個室にて

Ars Cruenta

平日夕方のサイゼリヤ

 たまに夕方から飲みたくなるとき、ふらりと近くの駅前にあるサイゼリヤを訪れる。デカンタに前菜数品を頼んでも1,500円くらいで済むのだから、居酒屋でせんべろセットを頼んでプラス一品頼むくらいの値段だ。でも分量を考えればほとんどのせんべろセットよりたぶんお得だろう。たとえば500mLのデカンタに辛味チキン、ポップコーンシュリンプ、アロスティチーニで1,400円。500mLのデカンタと言えばワイン2/3本分、グラスにすれば4杯くらいはある。そんでもって前菜はそれぞれフルサイズなので、せんべろセットについてくる盛り合わせに比べれば量もあるだろう。
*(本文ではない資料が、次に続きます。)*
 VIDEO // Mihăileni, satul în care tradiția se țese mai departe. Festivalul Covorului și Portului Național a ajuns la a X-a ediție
サイゼリヤはやはり、コスパがすごい。

 平日、そうやってだらだらと過ごしているとあることに気づいた。夕方5時半ごろといえば早めの夕食をとってもおかしくない時間帯なのに、やってくるお客さんが自分のような一名客ばかりなのだ。人の注文をじろじろ見るのも不躾だからやらないが、聞こえてくる範囲だと、大抵みんながっつり食事というよりも、自分と同じようにお酒と何か簡単な前菜を頼んでいる。みんな考えることは同じことかと、何となく面白い感じがした。客層はこの時間だとどうしても女性が多いのだが、それにしても若い人も結構多い。小さな子供のころは全く意識していなかったが、昔からサイゼリヤはこういうところだったのだろうか。

 中にはなかなかの猛者もいて、グラスワイン一杯だけ頼んで帰っていく人もいた。これから決闘でもあるのかなとほろ酔い気分で考えながら、そういえばたまにではあるけど、人と会うのは緊張するからという理由でアルコールを入れる人もいるなあと思ったり。一人飲みは会話も何もない分、ふらふらといろんなことを連想ゲームみたいに考えるのが楽しかったりする。
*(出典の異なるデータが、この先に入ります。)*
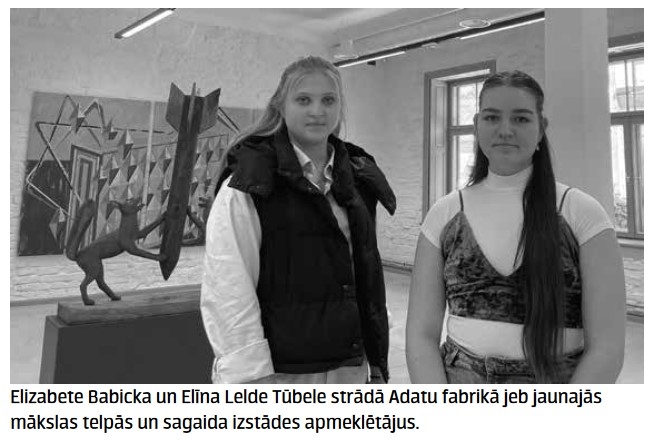 Foto: Elizabete Babicka un Elīna Lelde Tūbele strādā Adatu fabrikā jeb jaunajās mākslas telpās un sagaida izstādes apmeklētājus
 そういえば冬メニューに変わって、サラミと生ハムがメニューから退場してしまった。ワインに合わせる前菜と言えば王道だったのでかなりショックだった。円安などの影響だろうが、早く戻ってきてくれると嬉しい。あと、いつの間にか食後酒のグラッパもいなくなっている。昔イタリア料理を食べに行ったときに最後POLIを頼んで、「イタリアでは最後にこういうのを飲んですっきりする」という話を聞いていたものだから、グラッパがないのもなんだか寂しい。いつかまたしれっと帰ってきてくれることを祈ろう。